What needs to be done: Repeat the whole listing word for word, skipping pictures.

┏━━

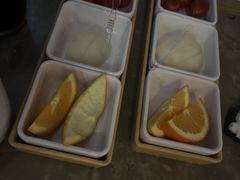 -和子足浴SPA会馆(梁溪店)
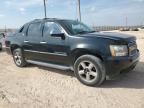 Lot #3004027498 2013 CHEVROLET AVALANCHE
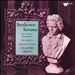 Beethoven: Piano Sonatas No. 23 Op. 57 "Appassionata", Op. 24 Op. 78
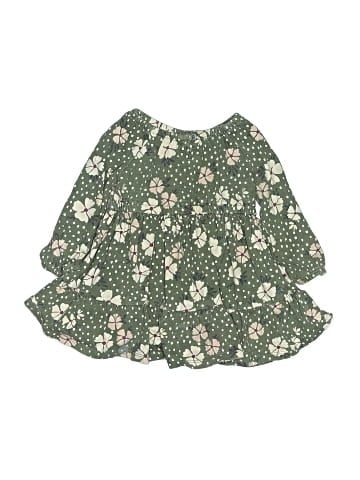 Carter's Dress (view 2)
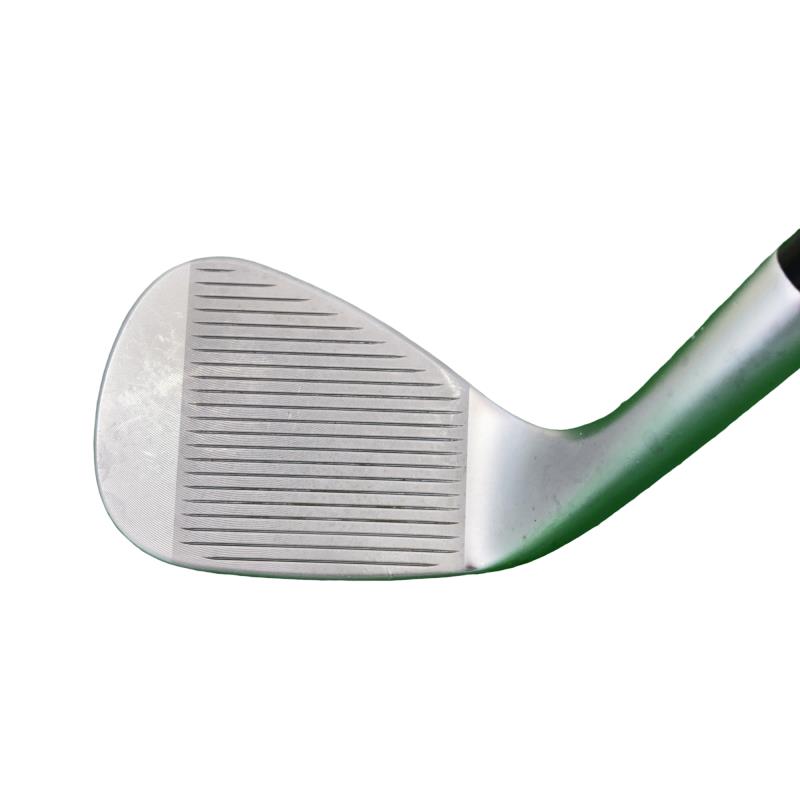 ohmf@PTX@TS°^PQ°@r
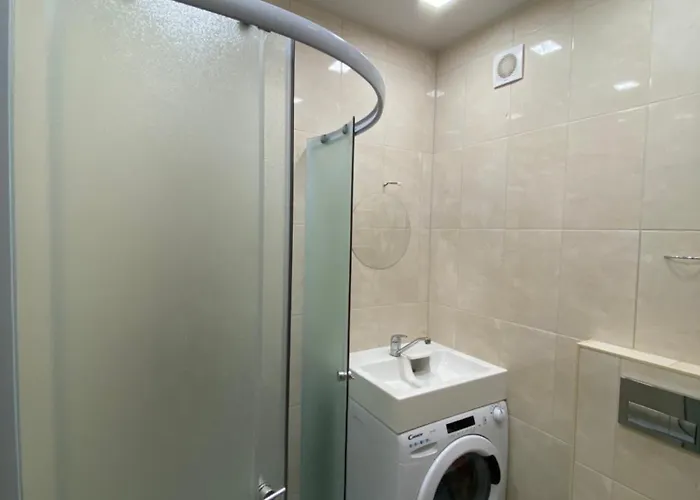 Ziemelblazma * 里加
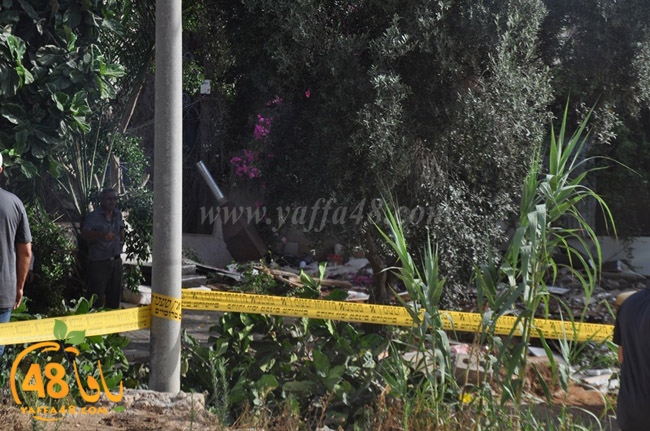 hadm m3awelaj (16).JPG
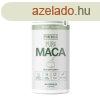 PureGold Vegan Maca 90 kapszula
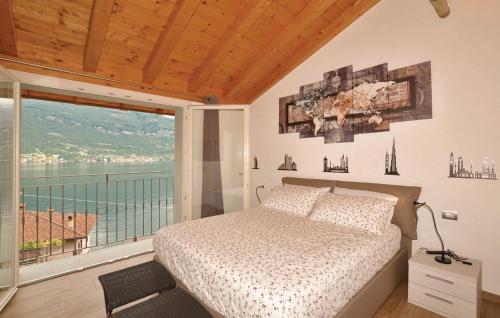 Pescau House – Photos 4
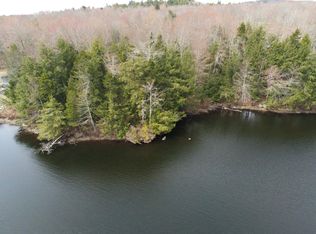 280 Tigola Trl, Stoddard, NH 03464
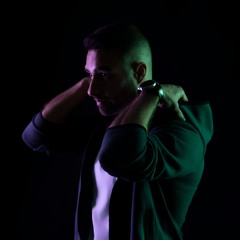 Miguel Palomares a.k.a. Innek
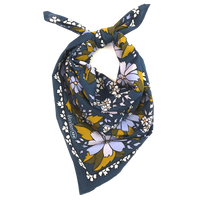 Chicory Bandana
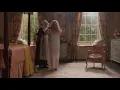 Emma Deleted Scene Anya Taylor-Joy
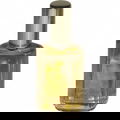 Carrington Musk (Cologne) by Carrington Parfums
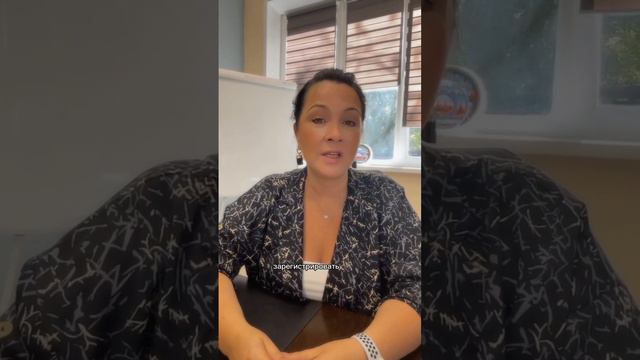 Что выбрать: ИП или самозанятость?Подписывайтесь, чтобы знать все о финансовой безопасности бизнеса смотреть онлайн
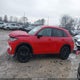 3CZRZ2H56SM723404 2025 Honda Hr-V Awd Sport auction photo thumbnail 15
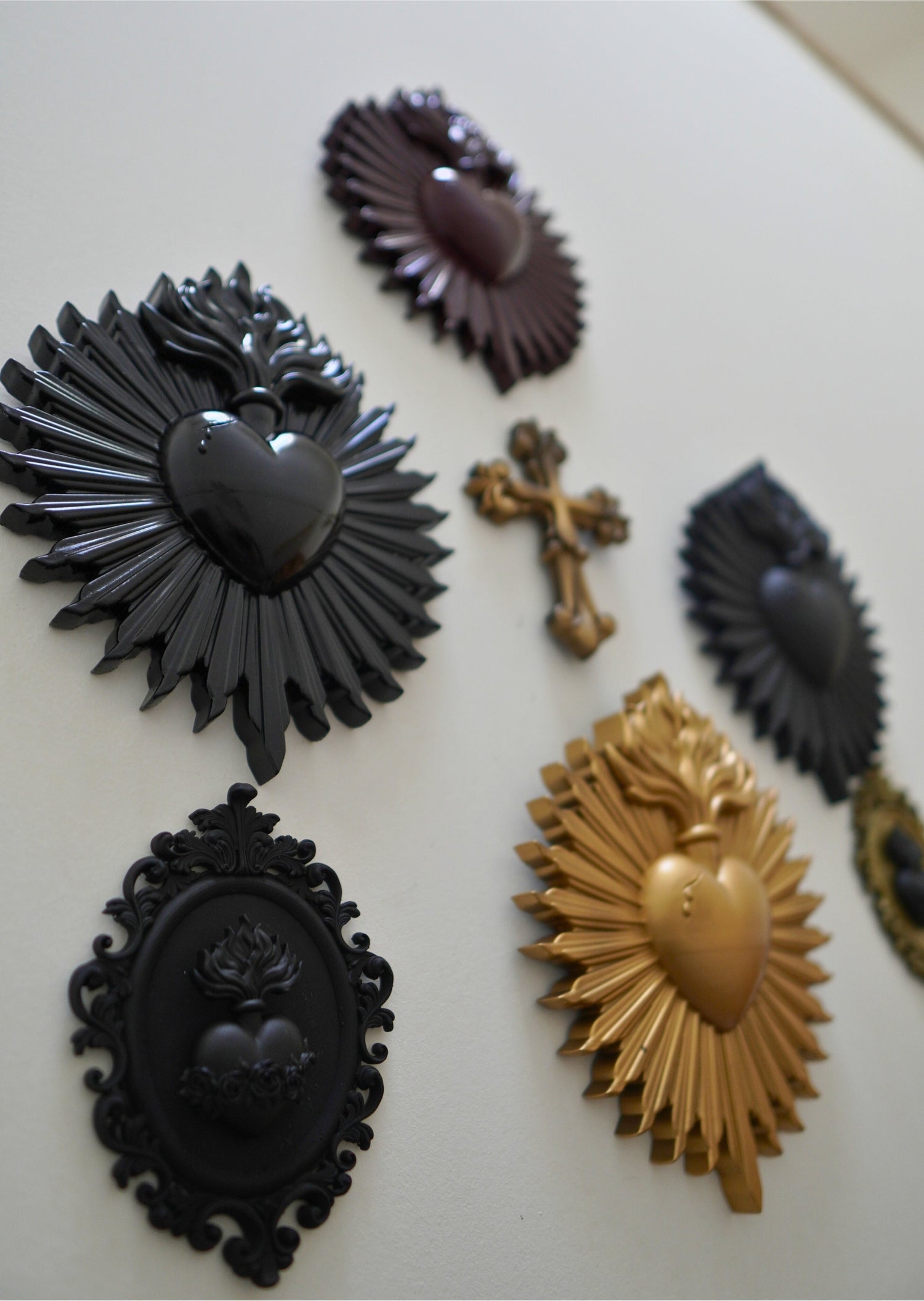 Wall Decor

┗━━

Response to this exercise:
 -和子足浴SPA会馆(梁溪店)
 Lot #3004027498 2013 CHEVROLET AVALANCHE
 Beethoven: Piano Sonatas No. 23 Op. 57 "Appassionata", Op. 24 Op. 78
 Carter's Dress (view 2)
 ohmf@PTX@TS°^PQ°@r
 Ziemelblazma * 里加
 hadm m3awelaj (16).JPG
 PureGold Vegan Maca 90 kapszula
 Pescau House – Photos 4
 280 Tigola Trl, Stoddard, NH 03464
 Miguel Palomares a.k.a. Innek
 Chicory Bandana
 Emma Deleted Scene Anya Taylor-Joy
 Carrington Musk (Cologne) by Carrington Parfums
 Что выбрать: ИП или самозанятость?Подписывайтесь, чтобы знать все о финансовой безопасности бизнеса смотреть онлайн
 3CZRZ2H56SM723404 2025 Honda Hr-V Awd Sport auction photo thumbnail 15
 Wall Decor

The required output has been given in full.